CASS. CIV. 3ème 19 Novembre 2015

Travaux de désamiantage et obligation de jouissance paisible.

Un bailleur avait entrepris des travaux de remplacement de toiture comportant de l’amiante.

La société locataire n’avait pas payé les loyers pendant deux mois (avril et mai 2008) en invoquant le fait qu’elle avait été contrainte d’évacuer son personnel jusqu’à la levée des réserves, en raison d’un risque de propagation d’amiante, identifié par l’inspection du travail.

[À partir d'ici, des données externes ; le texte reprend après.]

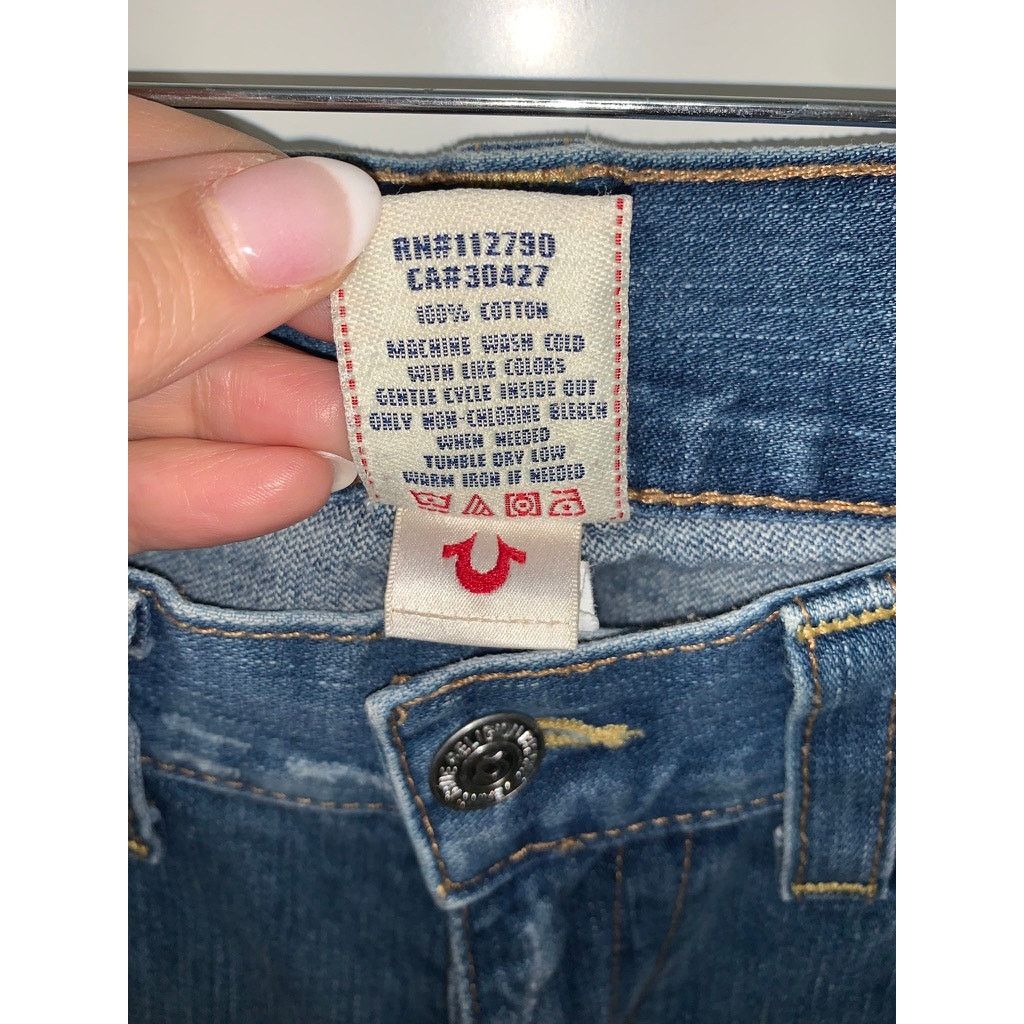 True Religion True Religion Men's Blue Straight Jeans Size 34 Distressed Size US 34 / EU 50 - 5 Thumbnail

La Cour d’appel n’avait pas admis la validité de ce refus de payer (exception d’inexécution), mais sa décision est cassée :

« Vu l’article 1719 du Code civil,

Attendu que le bailleur est obligé, par la nature du contrat et sans qu’il soit besoin d’aucune stipulation particulière, de faire jouir paisiblement de la chose louée le preneur pendant la durée du bail […],

Attendu que, pour écarter l’exception de non-exécution opposée par la locataire, l’arrêt retient que les prélèvements d’air, effectués le jour même de la visite du contrôleur du travail, se sont révélés négatifs, qu’il ne ressort d’aucune des deux lettres précitées qu’il ait été signifié à l’employeur, dans les formes appropriées, des mesures contraignant telles que l’évacuation des locaux ou l’arrêt temporaire d’activité, que la société C., professionnel qualifié pour le traitement d’amiante, a adressé dès le 15 avril 2008 une réponse motivée au contrôleur du travail qui ne s’est plus manifesté par la suite et que la société N., qui a fait le choix d’évacuer sans délais les locaux ,donnés à bail alors qu’elle n’y était pas contrainte par une décision administrative, ne démontre pas la faute du bailleur ;

Qu’en statuant ainsi, alors qu’elle avait relevé que, le 11 avril 2008, l’inspecteur du travail, connaissance prise des résultats négatifs de prélèvements, soulignait l’impossibilité d’affirmer que la poursuite des travaux dans les conditions constatées ne présentait aucun risque pour les salariés, la Cour d’appel, qui n’a pas tiré les conséquences légales de ses propres constatations, a violé le texte susvisé ;

Par ces motifs ; casse« .

Note :

En l’espèce, cet arrêt est intéressant en ce qu’il autorise le locataire à faire usage de l’exception d’inexécution, c’est-à-dire de se prévaloir de l’inexécution par le bailleur de son obligation (jouissance paisible) pour suspendre sa propre obligation (le paiement du loyer), ce qui est assez rare.